Cyprus races to avoid bailout

Cyprus is racing to meet an end of June deadline to pump €1.8 billion into Cyprus Popular Bank — which is heavily exposed to Greek bonds — but will struggle to attract investors, as long as the outcome of the Greek election is unclear.

Cyprus races to avoid bailout

The island nation’s only other option is finding the money (about 10% of its economy) itself, raising the odds it will become the fourth eurozone country to be bailed out after Ireland, Portugal and Greece.

It is an increasingly familiar example of how quickly problems at just one bank can hurt government finances — even if, in this case, the sector was profitable and well regulated, and had successfully raised capital in the past.

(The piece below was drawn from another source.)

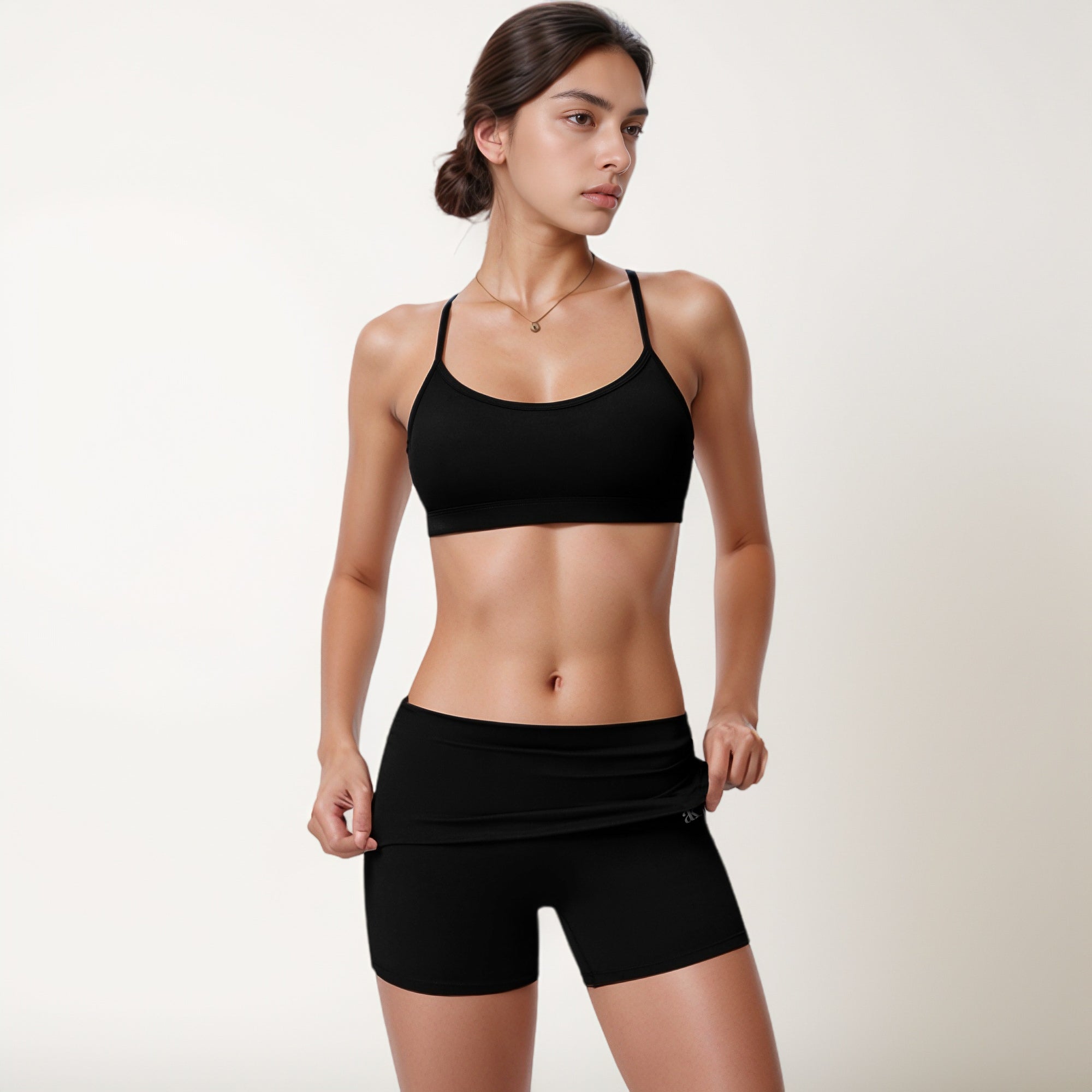 Anna-Kaci Women's Strappy Active Sports Bra with Scoop Neckline Thin Back Straps and Stretch Compression Fabric for Light Support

“Cypriot banks were pretty much OK all the way up to 2010. They were quite conservative, never lent more than their deposits and never invested in toxic assets. Then they lent money to the Greek government, and those assets became toxic,” Fiona Mullen, an economist at Sapienta Economics said.

With the Greek election on June 17, and scenarios mounting about the possible exit of Greece from the eurozone, bankers say that this is discouraging potential investors in Popular.

“That is the single most important factor that is keeping people, strategic investors, funds and others, from investing in the Group,” Michael Sarris, Popular Bank’s non-executive chairman, told Reuters. “They (investors) are comfortable in helping cover the existing capital requirements, but they are not comfortable at the idea that it may end up being a lot more.”